For every successful music festival that occurs, there is an accompanying black hole of communication created, through which no text message or phone call can ever successfully travel.


Greg is a serial entrepreneur. Tonight – October 23 – he and his team-mates from the New Venture Institute’s Enterprise Workshop are in the running for a series of awards at the program’s Gala Night celebration.

It’s an isolating experience familiar to most festivalgoers, and was the source of great inspiration for the entrepreneurial Greg Stevens.

“You go with your mates and you have the best fun, but you often have differing opinions in what bands you want to see, so invariably at some stage you split up and you have quite a difficult time trying to find one another with the infrastructure not being able to cope with the demand of the calls,” he explains.

“It prompted us to think of a solution to how we could improve communication at these festivals.”

Greg first conceived of that solution in 2012 with colleague Mateus Nolasco. Since then, the pair have joined with Ben Quast, Mark Gillard, Travis Grunt, Hussein Al Hammad and Mitch Templeton to form business WiFind Us and evolve the idea. Working periodically with two Flinders University groups – the Serval Project and Flinders University Event Safety Research Group – they are now drawing close to an on-premise test of the technology at an event.

The WiFindUs system works by creating a new, localised network for devices to connect to, which transmits data on a higher frequency – independent to that of standard communications. The app also restricts the type of data users can transmit so that the network can cope with more people using it concurrently.

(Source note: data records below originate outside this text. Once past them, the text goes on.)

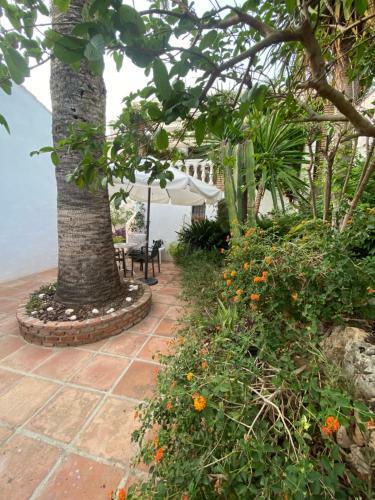 Lola Casita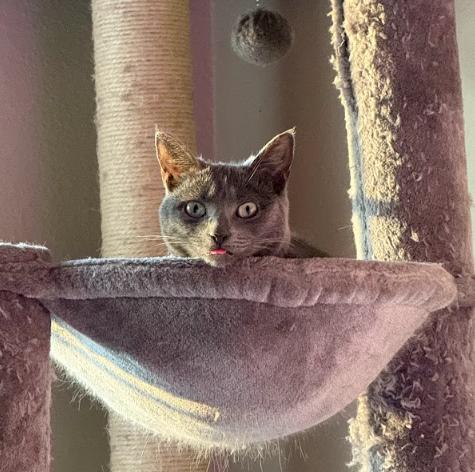 Enlarge Pint-sized Pepita Seeks Playful+Confident Cat Sibling!, a Adoptable Domestic Short Hair in Everett, WA image 3/5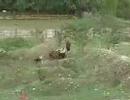 Bearded Collie Jula is Herding our little Flock - Sept. 2007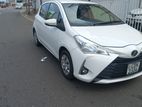 Rent a Car - Toyota Vitz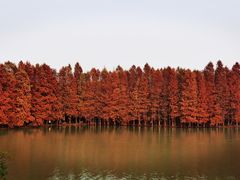 -上海海湾国家森林公园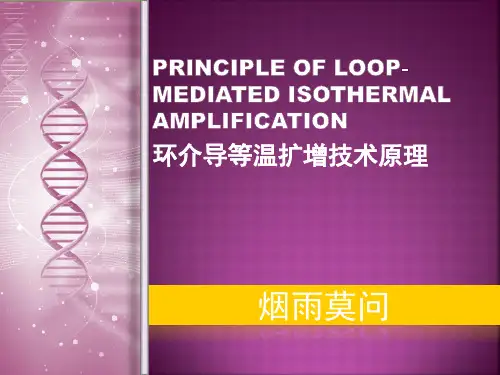 环介导等温扩增技术原理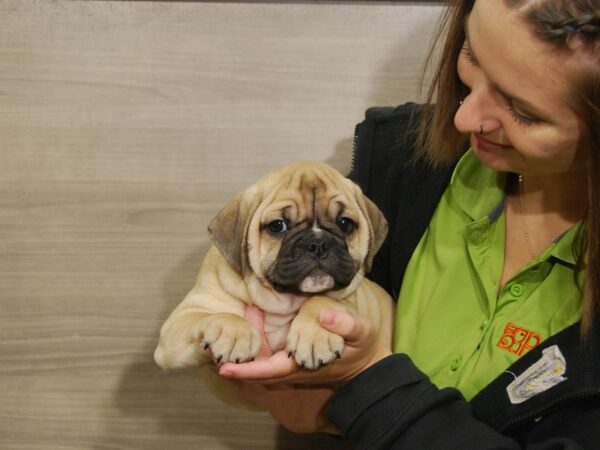 Mini Bulldog DOG Female Fawn 16719 Petland Iowa City, Iowa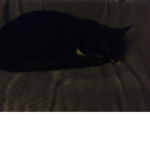CatsRawsome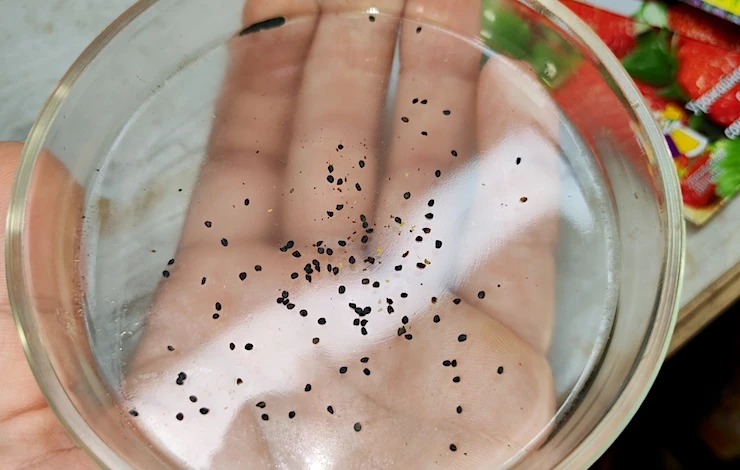 обриета выращивание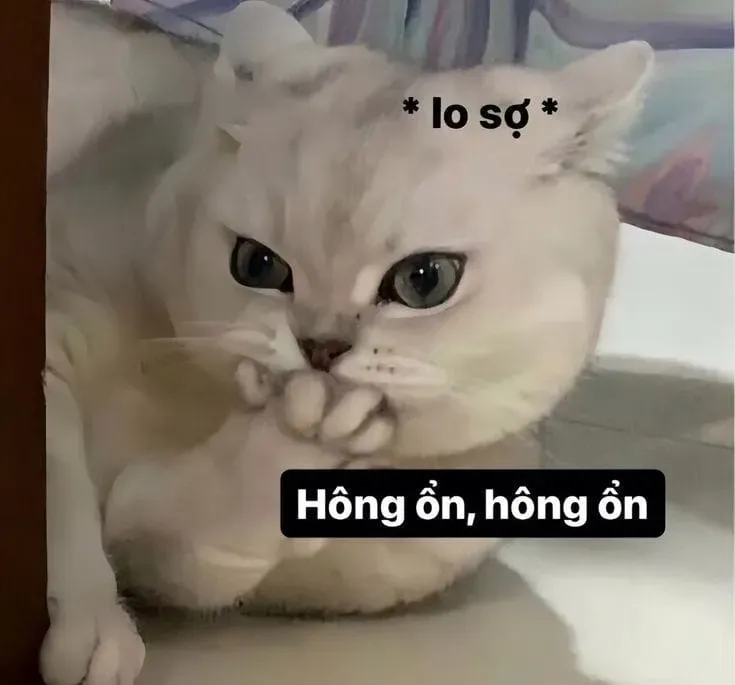 Wojak crying meme là hình ảnh mạnh mẽ, khiến bạn cảm thấy xót xa và đồng cảm.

“All telecommunications providers operate on a standard telecom frequency, which is lower, and they allow all their customers to transmit data on this lower frequency,” Greg says.

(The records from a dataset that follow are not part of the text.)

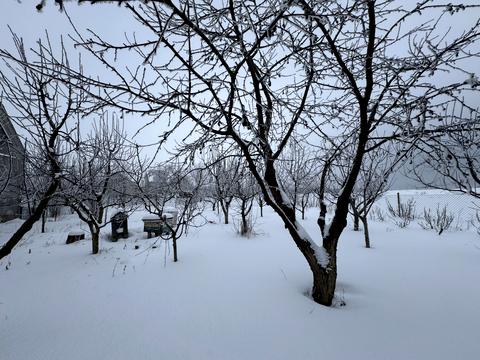 будинок за адресою Франка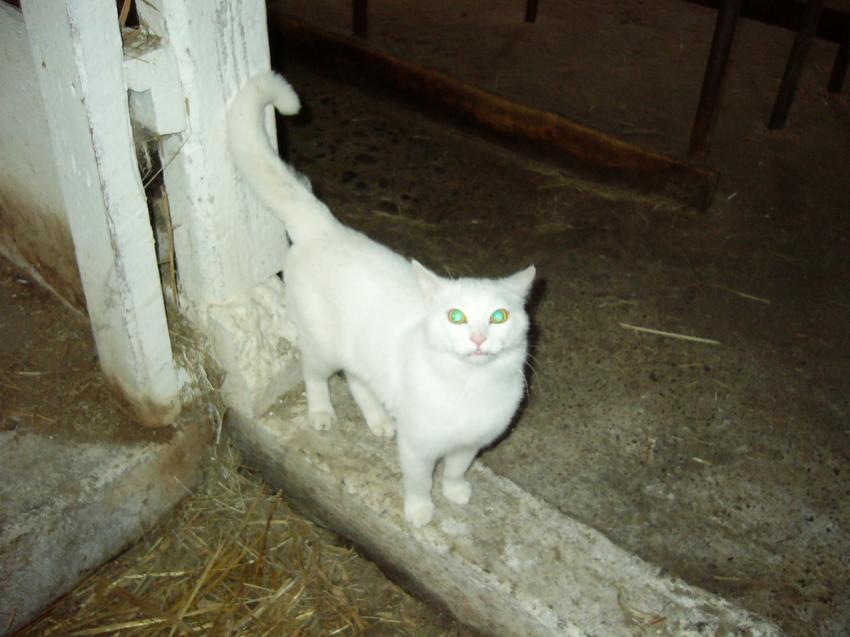 gros blanc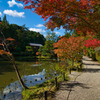 錦秋～円成寺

“What we’re looking to do is restrict the type of data that the users can transmit, which means that we can therefore control the bandwidth of our network and allow our network to still be operable even though there are lots of people using it.”

Punters aren’t the only ones suffering due to the communication blackout; it’s made the work of emergency services more difficult, and that’s where WiFindUs has found its most promising application.

“Say for instance there’s someone who needs help … security comes along, they’ll submit the fact they’ve found someone in the location of their phone, then that’ll go back to base, and someone at the control centre is then going to be able to dispatch their assets.”

The first trials of the software will be the Melbourne Cup Race Day event at the Morphettville Racecourse, where the company will be working with two major providers of event security and first aid to test the system in a real-world situation.

The emergency services are their primary focus at this early stage, but Greg is hoping that once the value of their network is established, it will become a regular fixture at all large-scale events and they can start offering the service to attendees.

“We see there being a huge future in creating real-time little interesting things at festivals, or at events, which interest the consumer and get them involved, get them to interact with other consumers.”